I din’t know it at the time, but it turns out I had the good fortune of learning from AMC’s best, in front of AMC’s biggest audiences. Kristie, Brian, Miller, these folks were the mountaintop. After a few years in, when my own projection staff started talking up to me the way I talked up to those two, it never felt quite right. (felt pretty good though)
We had three kinds of projectors at Burbank, Christies, Strongs, and Centurys. The Christies were the beginners, the Strongs were the next level, and the 70mm-capable Centurys were the challenge. You learned the Christies your first day, the Strongs on the second day, and Centurys last. The building had 8 easy, 4 medium, and 2 hard projectors, each running four or five shows a day, so there was plenty of acclimation time to get used to the tasks. I was training with Anne, and I remember we each had the Christies down after a single set, and were on to the Strongs that same first day.
I loved it.
And circumstances were in my favor for a change. Shortly after I trained, our GM decided we needed a booth-only crew, and Miller didn’t want to do booth only. I learned in January, the staff launched in March, and by August I was the crew’s supervisor and the building’s go-to booth guy. Which makes me sound like a total badass, but really all it meant was that I was just better at finding and fixing my own mistakes before other people found them.

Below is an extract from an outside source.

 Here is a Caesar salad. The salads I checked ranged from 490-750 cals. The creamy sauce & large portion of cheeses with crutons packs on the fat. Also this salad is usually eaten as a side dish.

Early on we had a visit from a corporate rep (Mary) who wanted to shadow me around my booth shift for a while. She walked a few starts with me, then cautioned that she wanted to be sure she wasn’t distracting me or slowing me down. “Don’t worry,” I said, “I wouldn’t let you.” What I didn’t know is that she was the corporate booth god, and a source of some intimidation to our own local gods. Lucky for me she took my attitude in the spirit it was intended, and liked it. A year or so later the Promenade was opening in Woodland Hills, and a few of us scored shifts over there helping get their booth running. They had an opening festival and were screening some vintage (1950s, 1960s) films for those first audiences. Mary was coordinating the work and there was an incoming studio archive print of “The Harvey Girls”, a Judy Garland film. This wasn’t the usual copy of a copy of a copy, this was the studio’s copy. Their backup, who even knows if they still have the negatives. And Mary turned to me among the group and said, “and I want YOU to build it up.”

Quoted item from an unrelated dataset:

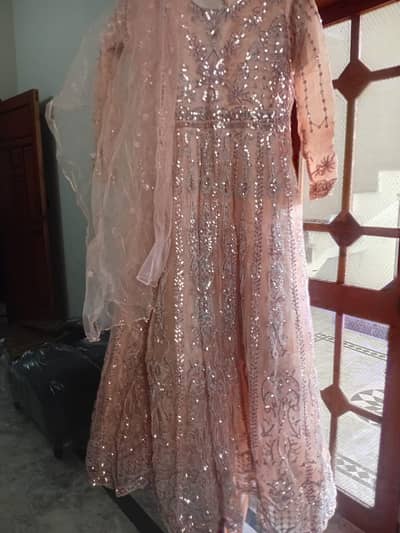 Beautiful peach embellished Maxu dress party wear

Yeah, that felt pretty good.
That first projection summer was a gift. Jason, Russ, Chris, Paul, we had a real rhythm going. First time anyone ever called me ‘boss’ was when Chris introduced me to his visiting gf. I think that was before I even officially made supervisor, but we never really needed the managers to tell us the score. I programmed trailers onto the films, I built up 95% of the film that passed thru the building, I wrote the operators’ schedules (writing your own work schedule is pretty sweet, too), and I was 20 at the time.
It couldn’t last, of course. Jason got fired (I tried, but they wouldn’t fire me), we had to bring in some weak links, and eventually a new GM decided he wanted us doing more than just booth. Eh.
There’s a vintage coolness about dad’s riverboat gig that’s hard to beat. I figure the booth is as close as I could’ve come in the big city. No customers, just projectors. No complaints, just film. Stuff breaks, you fix it. Two years hands-on and fifteen more from management, never scratched a single print. You have no idea how hard that is. Literally thousands of shows run.
There were probably a million little wins along the way, I remember some of them as I’m writing. Projection skill in management was a precious commodity so I was able to stay connected to that work for the rest of my time in theatres, both AMC and Pacific/ArcLight. Trained dozens of managers in classroom instruction, and entire teams of staff. My own staff run was my sentimental highlight, but the biggest actual achievements came years later, fixing the colossal incompetence at Pacific/ArcLight. (It was just Klevin, really.)
Even today, if I could make enough money to live off of by doing film projection, I’d do it in a heartbeat. Saving the world has a nice ring to it, but that’s work. If you’re doing something you love…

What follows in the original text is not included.